8. En premier lieu, si les dispositions précitées prévoient qu'un masseur-kinésithérapeute ne peut se faire remplacer dans son exercice que " temporairement " et " à condition de cesser toute activité de soin pendant la durée du remplacement ", elles ne fixent pas de durée maximale à ce remplacement.

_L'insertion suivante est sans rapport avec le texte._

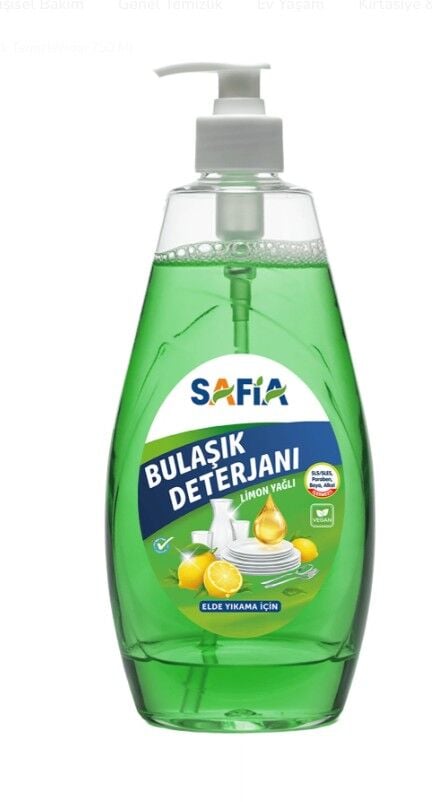 Safia Elde Bulaşık Temizleyicisi 750 Ml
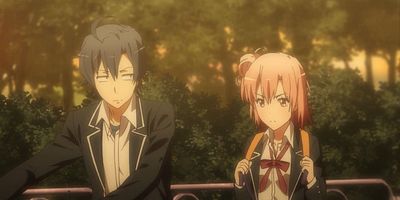 poster de la série Puis, Yuigahama fait une déclaration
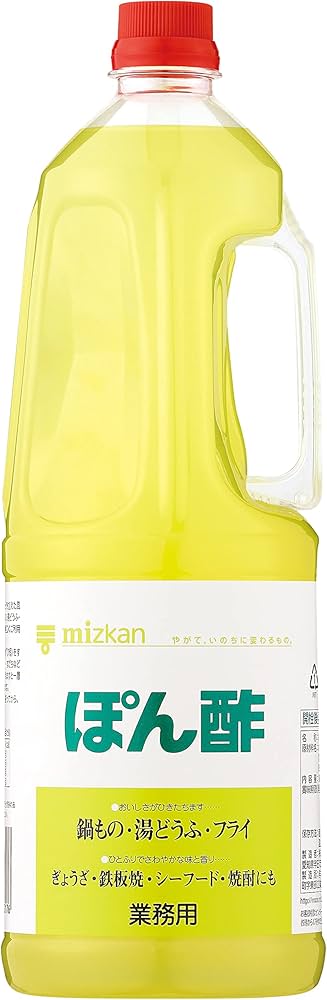 Amazon.co.jp: ミツカン 業務用 ぽん酢 1.8L [ ぽん酢 ポン酢 ] : 食品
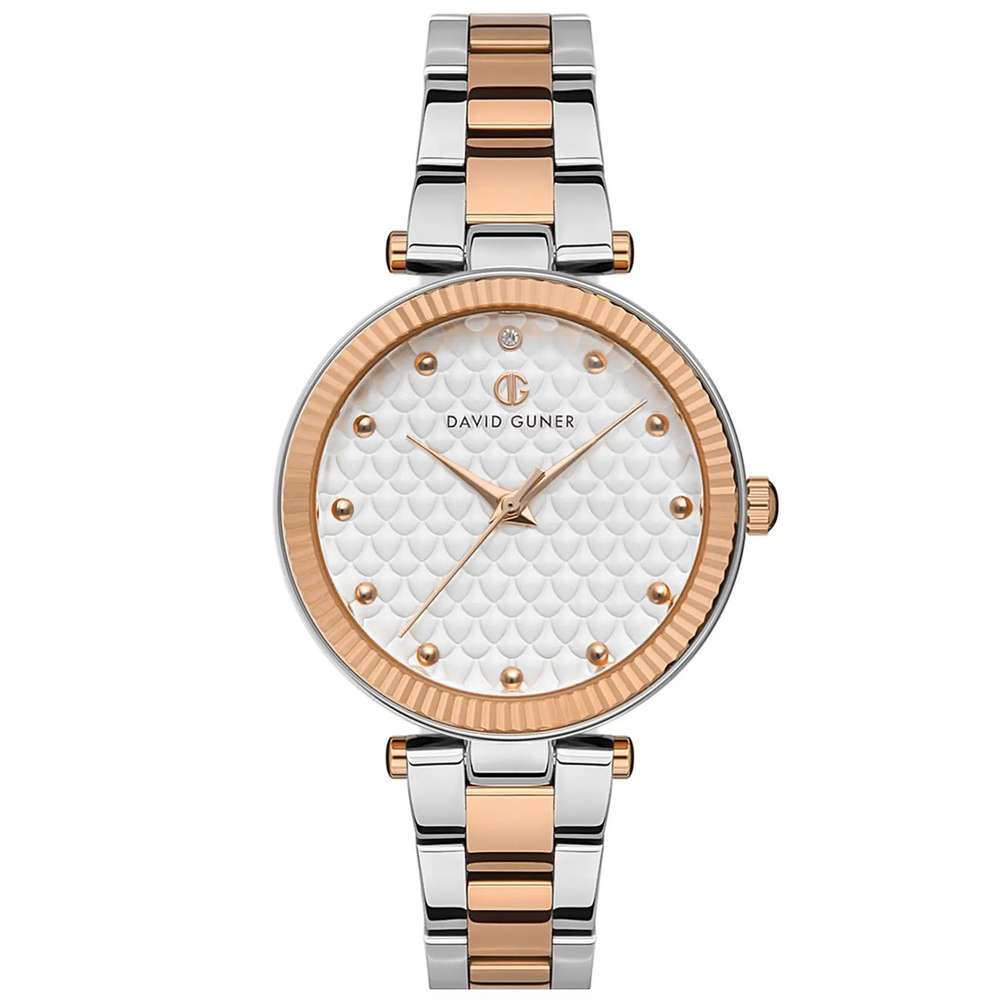 ساعت مچی زنانه دیوید گانر مدل DG-8366LA-E1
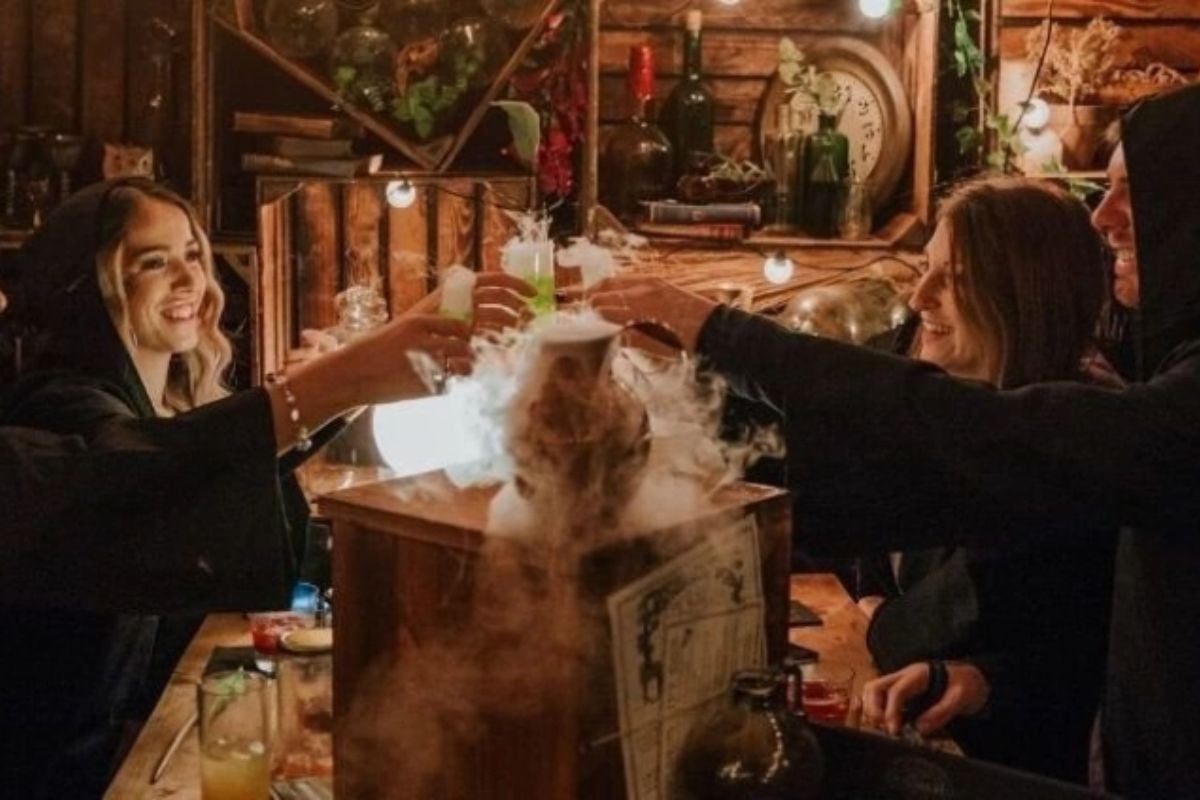 London Potion Making Cocktail Class in Soho for 2 Driving Experience 1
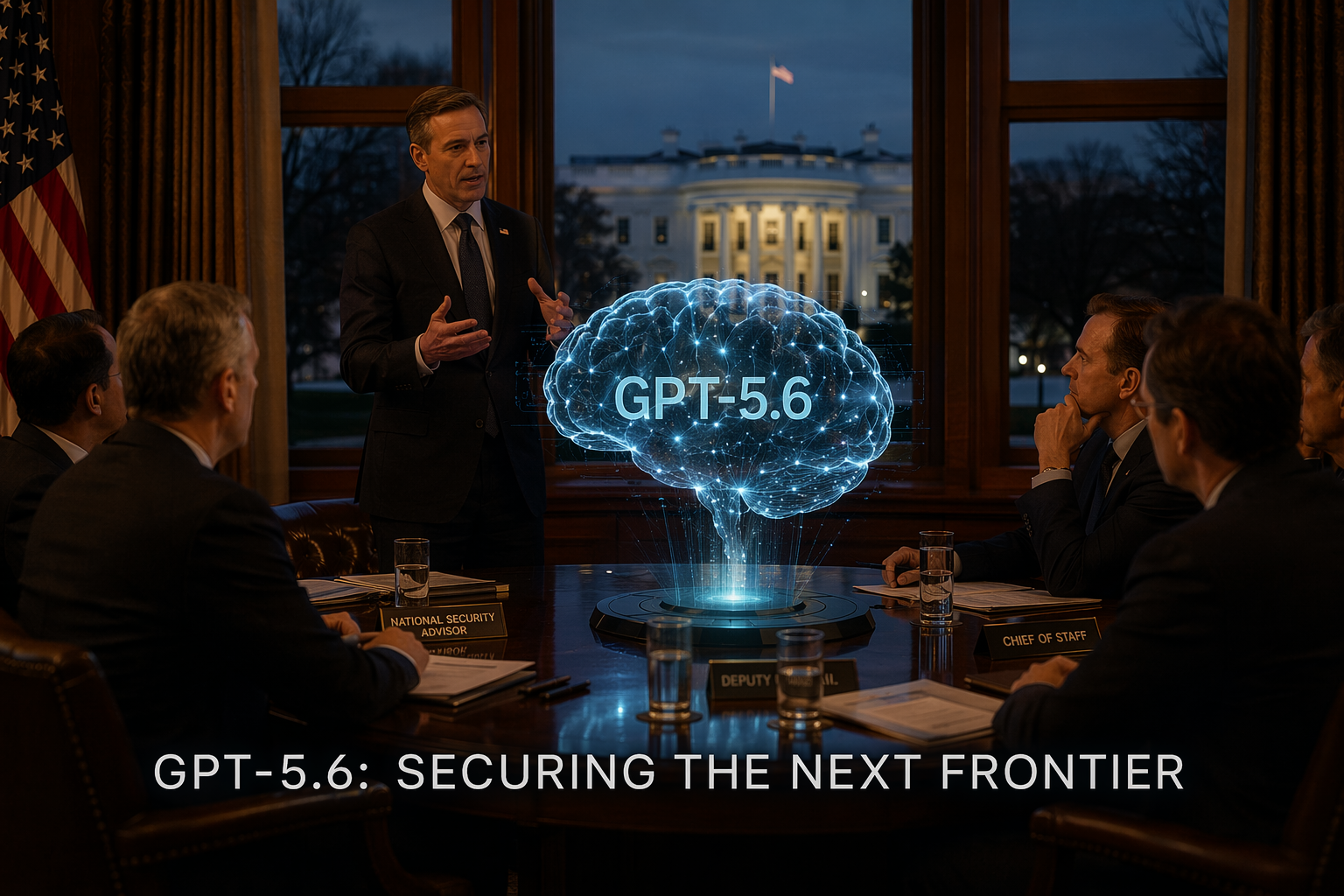 Cover image: What is OpenAI's GPT-5.6? Here's Why the Trump Administration Wants to Limit Its Release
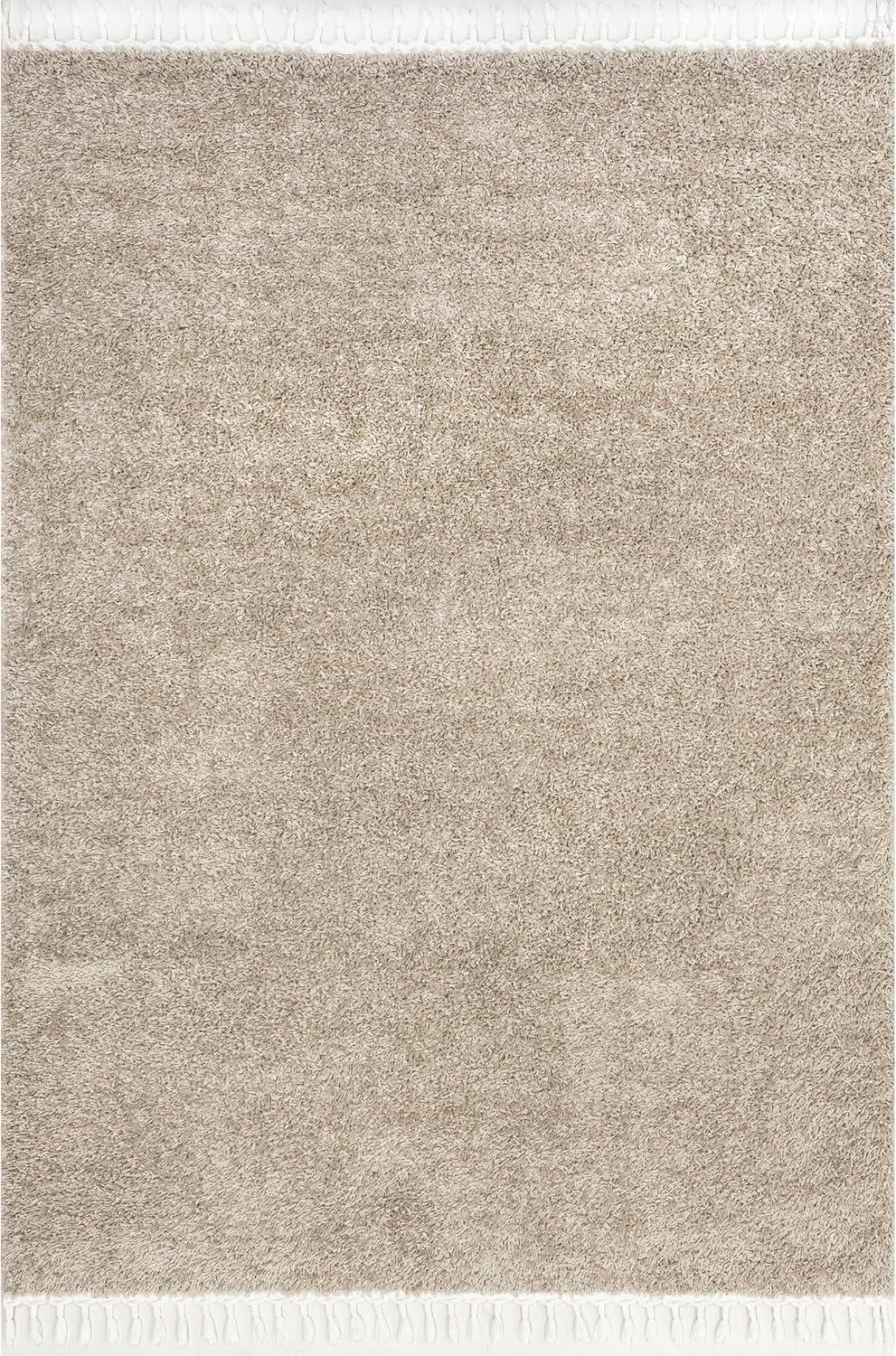 Nuloom Neva Modern Tasseled Shag Indoor Area Rug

S'il appartient aux conseils départementaux de l'ordre de s'assurer que les contrats, qui doivent obligatoirement leur être transmis avant le début du remplacement, ne conduisent pas à une méconnaissance des règles déontologiques, notamment celles tenant au caractère temporaire et personnel du remplacement ou à l'interdiction de mettre le cabinet en gérance, il ne résulte d'aucune disposition législative ou réglementaire, et notamment pas de celles du deuxième alinéa de l'article R. 4321-132 du code de la santé publique cité au point précédent, qui sont relatives à une tout autre situation, que le caractère temporaire d'un remplacement implique que sa durée soit " limitée à six mois ", ni que le souhait de conclure ou de renouveler un contrat de remplacement pour une durée plus longue soit subordonné à une " demande justifiée et motivée " au conseil départemental de l'ordre, ni, enfin, que la durée totale de remplacement ne puisse être " supérieure à un an ". En énonçant de telles règles, la circulaire contestée qui, eu égard aux termes dans lesquels elle est rédigée, ne peut être regardée comme se bornant à adresser aux conseils départementaux de l'ordre de simples directives auxquelles il leur serait loisible de déroger, mais présente un caractère impératif, ne s'est pas bornée à expliciter les dispositions applicables du code de la santé publique mais a incompétemment posé des règles nouvelles, non prévues par le pouvoir réglementaire, alors qu'aucun texte ne donne compétence au Conseil national de l'ordre pour ce faire. En conséquence, sans qu'il soit besoin d'examiner les autres moyens de la requête dirigés contre cette partie de la circulaire, le syndicat requérant est fondé à demander l'annulation des troisième à huitième paragraphes de la sous-partie intitulée " Caractère temporaire du remplacement " du I de la circulaire du 8 novembre 2022 et, dans le paragraphe encadré intitulé " à retenir " qui suit, des mots " ce qui exclut en principe une durée de plus de six mois ".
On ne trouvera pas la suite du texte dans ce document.